What to do: Nothing should appear in the answer except the lines below from the line containing "Raspberry berries on" through the line containing "Delivery of products", copied exactly, with pictures left out.

Records supplied:
----------

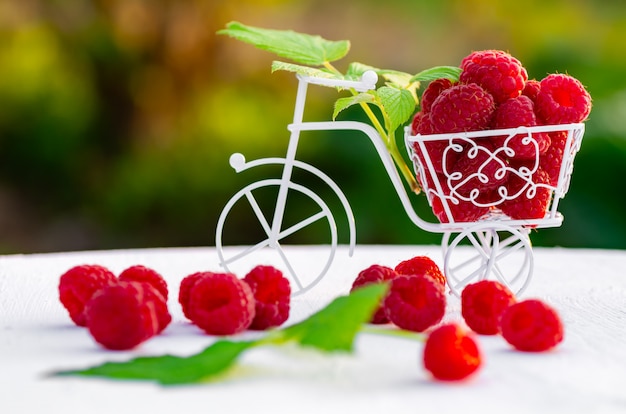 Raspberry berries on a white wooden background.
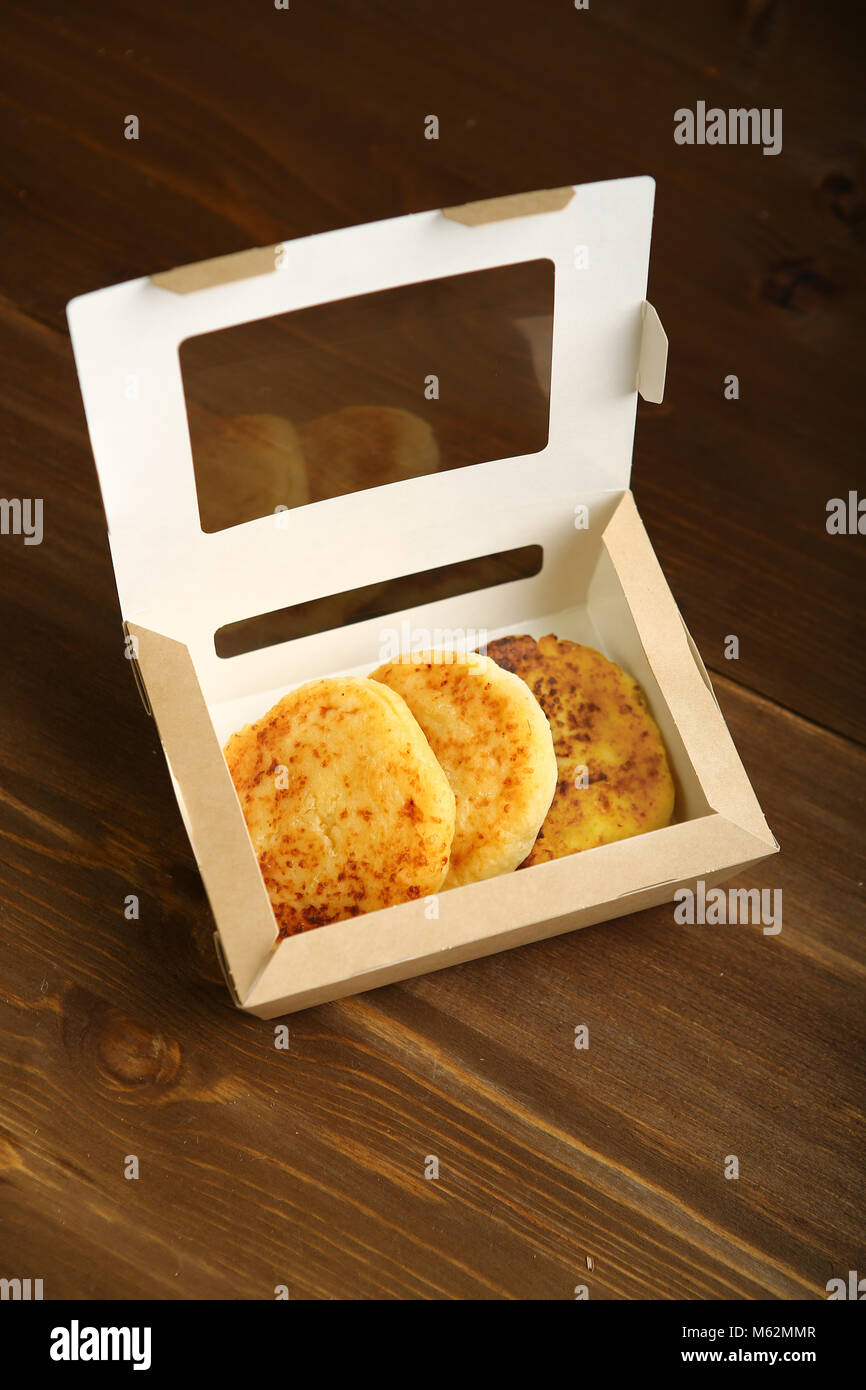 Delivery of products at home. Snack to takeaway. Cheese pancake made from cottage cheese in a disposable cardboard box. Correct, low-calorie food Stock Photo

----------

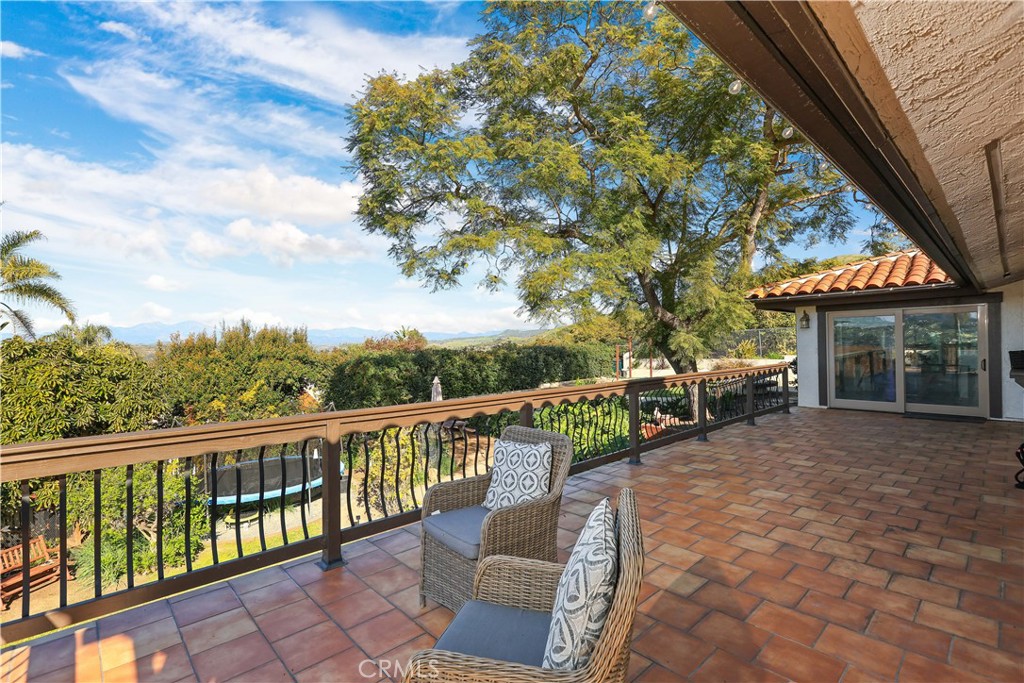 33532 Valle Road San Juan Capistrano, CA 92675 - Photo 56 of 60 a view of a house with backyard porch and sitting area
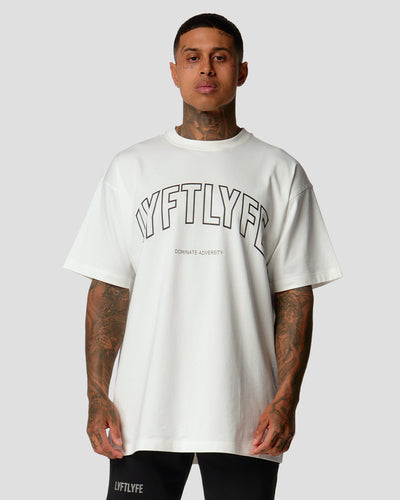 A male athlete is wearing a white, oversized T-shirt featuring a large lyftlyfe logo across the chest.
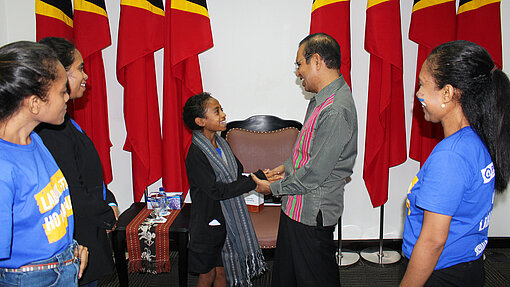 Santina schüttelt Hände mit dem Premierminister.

----------

Problem solution:
 Raspberry berries on a white wooden background.
 Delivery of products at home. Snack to takeaway. Cheese pancake made from cottage cheese in a disposable cardboard box. Correct, low-calorie food Stock Photo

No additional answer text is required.